空想的ロマンにたゆたうオブローモフと対比されてる「ドイツっぽ」シュトルツの有能さ、勤勉さは近代資本主義社会のそれで、妻となる女性とのお互いに知性を高めあう関係と、オブローモフの日々変わる事なき生活およびその家主アガーフィヤが何の知識もないながら家事労働をきわめて有能に差配する様子の保守性とが、未来と過去として描かれるわけだ。

オブローモフ気質が否定性としてあるとしても、オブローモフの優しさ、人間的魅力については称揚されていて、特にアガーフィヤにとって太陽だったという件はなかなか泣かせるところがある。とはいえ、中巻あたりのエゴイストぶりが目立つので、その人間的魅力の真実性が感じられるかというと個人的にはやや疑わしい。未開人は心優しい、という類いのオリエンタリズム、というか、近代化しゆく時代において、滅び行く懐かしいロシアの典型としてオブローモフがあるようにも感じられる。過ぎゆく過去へのノスタルジーというか。柩に入っているようだ、とか、オリガにあなたは死んだ人だ、と言われる場面だとか、オブローモフはそういう象徴性を持っている。

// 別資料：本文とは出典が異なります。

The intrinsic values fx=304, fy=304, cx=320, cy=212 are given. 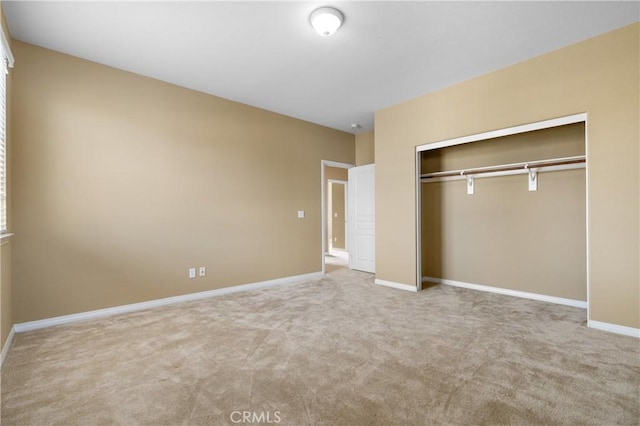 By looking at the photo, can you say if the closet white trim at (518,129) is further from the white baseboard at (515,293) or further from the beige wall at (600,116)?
the white baseboard at (515,293)

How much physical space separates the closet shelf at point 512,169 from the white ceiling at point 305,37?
1.22 m

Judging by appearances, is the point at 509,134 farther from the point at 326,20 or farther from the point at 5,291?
the point at 5,291

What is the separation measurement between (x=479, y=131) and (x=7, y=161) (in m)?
4.90

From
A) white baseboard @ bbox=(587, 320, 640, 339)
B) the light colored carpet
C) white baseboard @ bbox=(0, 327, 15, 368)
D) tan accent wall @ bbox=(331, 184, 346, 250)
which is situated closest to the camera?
the light colored carpet

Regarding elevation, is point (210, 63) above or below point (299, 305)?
above

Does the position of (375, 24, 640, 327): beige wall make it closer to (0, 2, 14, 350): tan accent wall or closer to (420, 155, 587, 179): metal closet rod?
(420, 155, 587, 179): metal closet rod

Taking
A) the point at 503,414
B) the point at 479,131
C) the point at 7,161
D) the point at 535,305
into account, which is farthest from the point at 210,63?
the point at 535,305

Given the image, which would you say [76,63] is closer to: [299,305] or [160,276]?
[160,276]

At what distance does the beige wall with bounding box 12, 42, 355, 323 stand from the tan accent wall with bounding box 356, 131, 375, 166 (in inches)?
64.0

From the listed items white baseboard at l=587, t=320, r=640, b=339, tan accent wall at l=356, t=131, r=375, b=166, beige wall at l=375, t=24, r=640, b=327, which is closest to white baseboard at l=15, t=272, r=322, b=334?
tan accent wall at l=356, t=131, r=375, b=166

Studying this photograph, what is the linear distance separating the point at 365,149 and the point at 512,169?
2.74m

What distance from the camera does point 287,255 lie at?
5078mm

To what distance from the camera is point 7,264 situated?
2689 millimetres

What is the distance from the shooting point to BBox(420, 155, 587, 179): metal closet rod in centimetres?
345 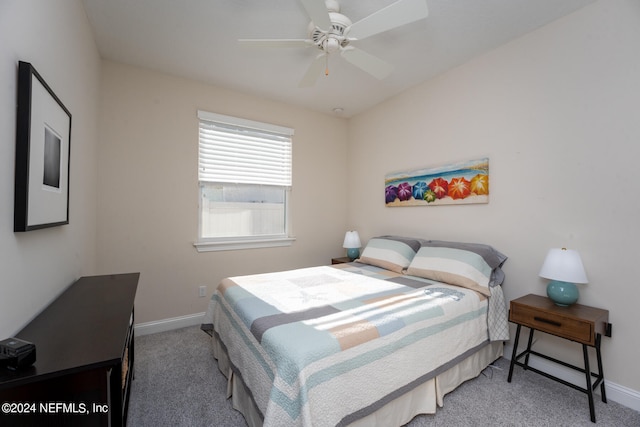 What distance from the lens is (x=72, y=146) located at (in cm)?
182

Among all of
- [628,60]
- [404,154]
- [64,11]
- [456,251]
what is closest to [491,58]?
[628,60]

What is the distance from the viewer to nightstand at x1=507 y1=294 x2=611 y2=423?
1.70 meters

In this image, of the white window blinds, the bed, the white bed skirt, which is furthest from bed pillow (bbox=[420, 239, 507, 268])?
the white window blinds

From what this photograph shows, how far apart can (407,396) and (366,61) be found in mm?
2247

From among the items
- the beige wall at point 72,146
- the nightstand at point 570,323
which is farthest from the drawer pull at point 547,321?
the beige wall at point 72,146

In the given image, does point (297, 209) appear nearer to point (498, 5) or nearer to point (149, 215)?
point (149, 215)

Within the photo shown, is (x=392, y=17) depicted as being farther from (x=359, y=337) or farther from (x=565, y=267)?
(x=565, y=267)

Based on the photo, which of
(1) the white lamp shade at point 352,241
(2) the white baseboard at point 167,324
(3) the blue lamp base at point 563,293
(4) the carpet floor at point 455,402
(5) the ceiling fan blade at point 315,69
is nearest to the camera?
(4) the carpet floor at point 455,402

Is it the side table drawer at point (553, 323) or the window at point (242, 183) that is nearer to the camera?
the side table drawer at point (553, 323)

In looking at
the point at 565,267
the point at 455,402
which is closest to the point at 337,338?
the point at 455,402

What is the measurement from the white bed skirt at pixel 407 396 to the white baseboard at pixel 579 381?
44cm

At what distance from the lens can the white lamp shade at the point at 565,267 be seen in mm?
1849

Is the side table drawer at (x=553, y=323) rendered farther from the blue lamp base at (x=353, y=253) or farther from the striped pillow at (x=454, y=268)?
the blue lamp base at (x=353, y=253)

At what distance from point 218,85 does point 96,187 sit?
163 centimetres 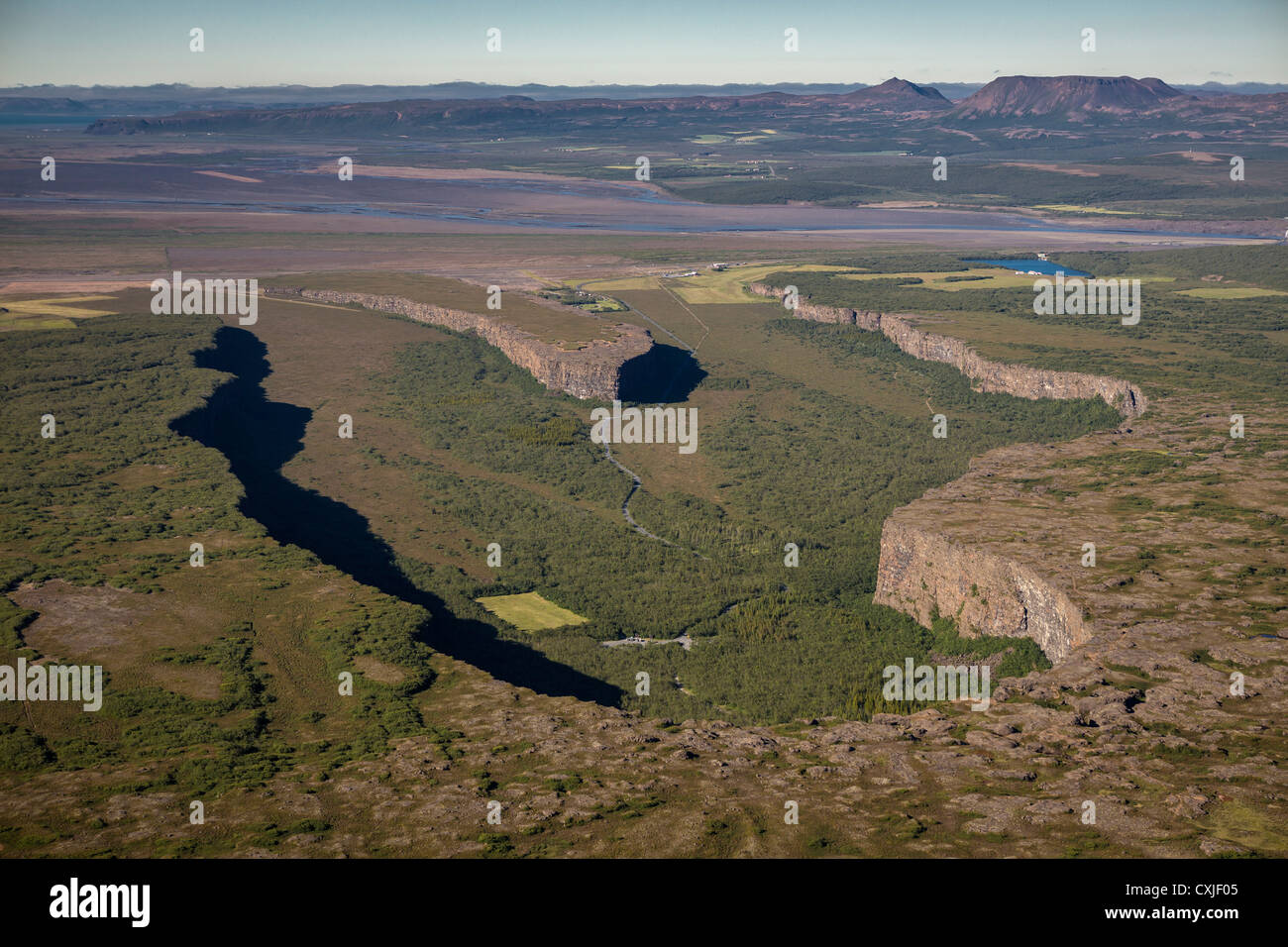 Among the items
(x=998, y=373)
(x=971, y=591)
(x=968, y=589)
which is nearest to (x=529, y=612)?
(x=968, y=589)

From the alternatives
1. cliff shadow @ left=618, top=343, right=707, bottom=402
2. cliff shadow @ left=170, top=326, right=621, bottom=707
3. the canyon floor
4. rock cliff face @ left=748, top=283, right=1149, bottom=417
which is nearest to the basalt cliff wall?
the canyon floor

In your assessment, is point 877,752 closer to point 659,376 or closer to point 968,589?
point 968,589

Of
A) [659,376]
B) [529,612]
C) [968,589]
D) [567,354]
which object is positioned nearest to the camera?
[968,589]

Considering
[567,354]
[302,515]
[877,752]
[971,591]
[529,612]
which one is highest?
[567,354]

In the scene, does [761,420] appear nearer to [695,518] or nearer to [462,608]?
[695,518]

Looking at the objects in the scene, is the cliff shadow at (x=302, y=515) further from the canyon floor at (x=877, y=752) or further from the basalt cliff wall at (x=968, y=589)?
the basalt cliff wall at (x=968, y=589)

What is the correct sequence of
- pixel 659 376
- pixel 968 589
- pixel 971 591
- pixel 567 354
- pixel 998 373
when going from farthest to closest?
1. pixel 659 376
2. pixel 567 354
3. pixel 998 373
4. pixel 968 589
5. pixel 971 591

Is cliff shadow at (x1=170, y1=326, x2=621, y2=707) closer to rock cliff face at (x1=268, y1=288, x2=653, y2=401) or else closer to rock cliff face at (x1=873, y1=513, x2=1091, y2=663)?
rock cliff face at (x1=873, y1=513, x2=1091, y2=663) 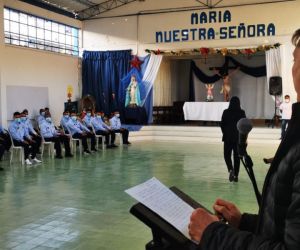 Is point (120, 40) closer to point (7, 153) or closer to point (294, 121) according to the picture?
point (7, 153)

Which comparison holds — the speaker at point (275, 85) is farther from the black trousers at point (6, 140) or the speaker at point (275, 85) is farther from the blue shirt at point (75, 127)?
the black trousers at point (6, 140)

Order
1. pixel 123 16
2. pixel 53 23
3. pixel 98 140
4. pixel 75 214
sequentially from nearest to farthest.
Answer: pixel 75 214 < pixel 98 140 < pixel 53 23 < pixel 123 16

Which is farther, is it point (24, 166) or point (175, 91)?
point (175, 91)

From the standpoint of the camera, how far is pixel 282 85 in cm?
1227

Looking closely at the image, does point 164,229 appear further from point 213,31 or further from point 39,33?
point 213,31

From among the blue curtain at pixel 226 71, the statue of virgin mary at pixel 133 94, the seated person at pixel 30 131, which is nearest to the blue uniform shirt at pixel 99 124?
the seated person at pixel 30 131

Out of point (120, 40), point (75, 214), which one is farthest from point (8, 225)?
point (120, 40)

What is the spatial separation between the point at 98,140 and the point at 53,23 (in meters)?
4.68

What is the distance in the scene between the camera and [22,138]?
320 inches

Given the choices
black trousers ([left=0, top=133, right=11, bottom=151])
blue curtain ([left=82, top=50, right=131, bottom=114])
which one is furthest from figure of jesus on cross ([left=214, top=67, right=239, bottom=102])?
black trousers ([left=0, top=133, right=11, bottom=151])

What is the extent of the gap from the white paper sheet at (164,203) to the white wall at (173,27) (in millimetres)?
11071

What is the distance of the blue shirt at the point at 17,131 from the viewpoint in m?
8.06

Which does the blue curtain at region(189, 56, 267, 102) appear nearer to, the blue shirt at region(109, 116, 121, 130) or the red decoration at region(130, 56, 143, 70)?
the red decoration at region(130, 56, 143, 70)

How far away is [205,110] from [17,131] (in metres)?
7.12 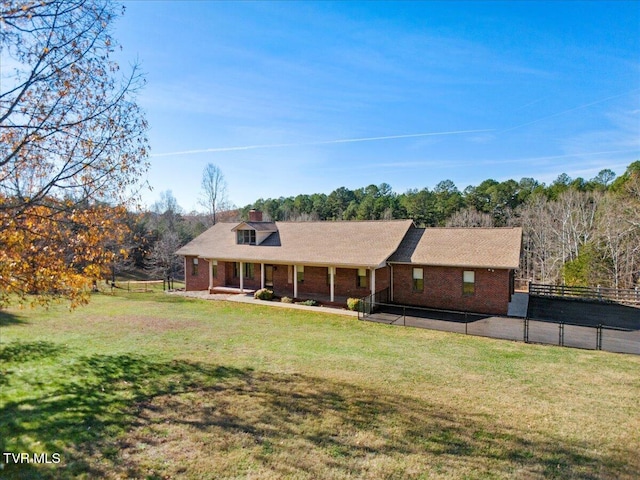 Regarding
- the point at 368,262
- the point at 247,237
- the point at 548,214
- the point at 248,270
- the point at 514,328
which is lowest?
Answer: the point at 514,328

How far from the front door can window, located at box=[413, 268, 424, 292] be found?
31.0 ft

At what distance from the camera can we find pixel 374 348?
43.1 feet

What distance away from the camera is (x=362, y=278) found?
2205cm

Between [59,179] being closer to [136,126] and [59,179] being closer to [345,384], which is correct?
[136,126]

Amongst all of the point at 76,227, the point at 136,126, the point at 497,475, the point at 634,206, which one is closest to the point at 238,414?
the point at 497,475

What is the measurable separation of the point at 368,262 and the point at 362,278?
219cm

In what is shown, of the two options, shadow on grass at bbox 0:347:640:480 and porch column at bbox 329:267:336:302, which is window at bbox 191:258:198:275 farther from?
shadow on grass at bbox 0:347:640:480

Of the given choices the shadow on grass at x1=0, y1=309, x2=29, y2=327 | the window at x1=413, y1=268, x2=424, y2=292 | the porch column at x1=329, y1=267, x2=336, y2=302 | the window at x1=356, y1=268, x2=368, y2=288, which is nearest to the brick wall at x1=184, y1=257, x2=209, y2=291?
the porch column at x1=329, y1=267, x2=336, y2=302

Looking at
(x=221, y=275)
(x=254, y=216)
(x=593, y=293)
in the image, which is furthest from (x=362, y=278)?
(x=593, y=293)

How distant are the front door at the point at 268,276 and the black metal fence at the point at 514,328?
7814 millimetres

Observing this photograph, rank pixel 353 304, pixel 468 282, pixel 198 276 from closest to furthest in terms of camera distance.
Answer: pixel 468 282 → pixel 353 304 → pixel 198 276

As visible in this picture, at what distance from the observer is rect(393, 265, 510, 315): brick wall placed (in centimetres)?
1906

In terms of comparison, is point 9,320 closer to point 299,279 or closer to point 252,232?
point 252,232

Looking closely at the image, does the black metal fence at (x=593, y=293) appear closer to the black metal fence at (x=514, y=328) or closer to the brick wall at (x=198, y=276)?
the black metal fence at (x=514, y=328) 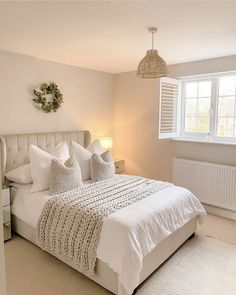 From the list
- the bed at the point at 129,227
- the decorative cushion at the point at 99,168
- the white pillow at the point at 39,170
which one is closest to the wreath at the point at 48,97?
the bed at the point at 129,227

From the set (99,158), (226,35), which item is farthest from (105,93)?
(226,35)

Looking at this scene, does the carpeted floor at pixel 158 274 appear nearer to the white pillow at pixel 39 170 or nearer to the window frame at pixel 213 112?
the white pillow at pixel 39 170

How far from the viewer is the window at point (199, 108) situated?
142 inches

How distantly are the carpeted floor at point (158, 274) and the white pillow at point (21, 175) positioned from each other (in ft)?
2.46

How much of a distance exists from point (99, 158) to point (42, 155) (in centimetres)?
75

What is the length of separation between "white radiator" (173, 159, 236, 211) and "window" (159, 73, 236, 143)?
1.60 ft

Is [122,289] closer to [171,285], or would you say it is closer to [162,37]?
[171,285]

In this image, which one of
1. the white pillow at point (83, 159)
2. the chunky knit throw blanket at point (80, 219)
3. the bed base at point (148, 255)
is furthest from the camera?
the white pillow at point (83, 159)

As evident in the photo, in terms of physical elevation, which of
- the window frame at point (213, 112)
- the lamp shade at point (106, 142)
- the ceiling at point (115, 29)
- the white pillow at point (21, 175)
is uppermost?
the ceiling at point (115, 29)

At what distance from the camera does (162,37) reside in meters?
2.61

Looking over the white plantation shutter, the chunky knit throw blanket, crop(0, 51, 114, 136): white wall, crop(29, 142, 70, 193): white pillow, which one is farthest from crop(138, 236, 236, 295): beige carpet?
crop(0, 51, 114, 136): white wall

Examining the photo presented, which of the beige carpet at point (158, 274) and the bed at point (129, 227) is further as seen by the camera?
the beige carpet at point (158, 274)

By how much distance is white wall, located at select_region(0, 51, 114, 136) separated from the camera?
3260 millimetres

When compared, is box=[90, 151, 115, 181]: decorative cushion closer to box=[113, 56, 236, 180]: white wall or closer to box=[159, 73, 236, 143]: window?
box=[159, 73, 236, 143]: window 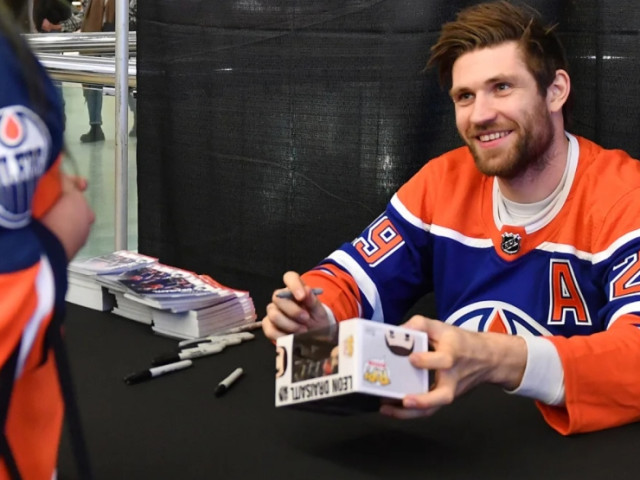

それゆえにこそ、オブローモフ主義、というある種の典型を描き出したとして時代に名を残すことにもなったんだろう。ドブロリューボフの評論はそのうち読んでみたい。

しかし、アガーフィヤやアニーシャ、オリガなど、時代性はありつつも特に女性に対しては書き方がとても肯定的な感じがあるのはこの人の特質だろうか。オリガのオブローモフへの批判はいずれも的確で正しい。


中身も十五年の年月を感じさせるように、紙面が焼けていた。はじめて読むのに古書のようだ。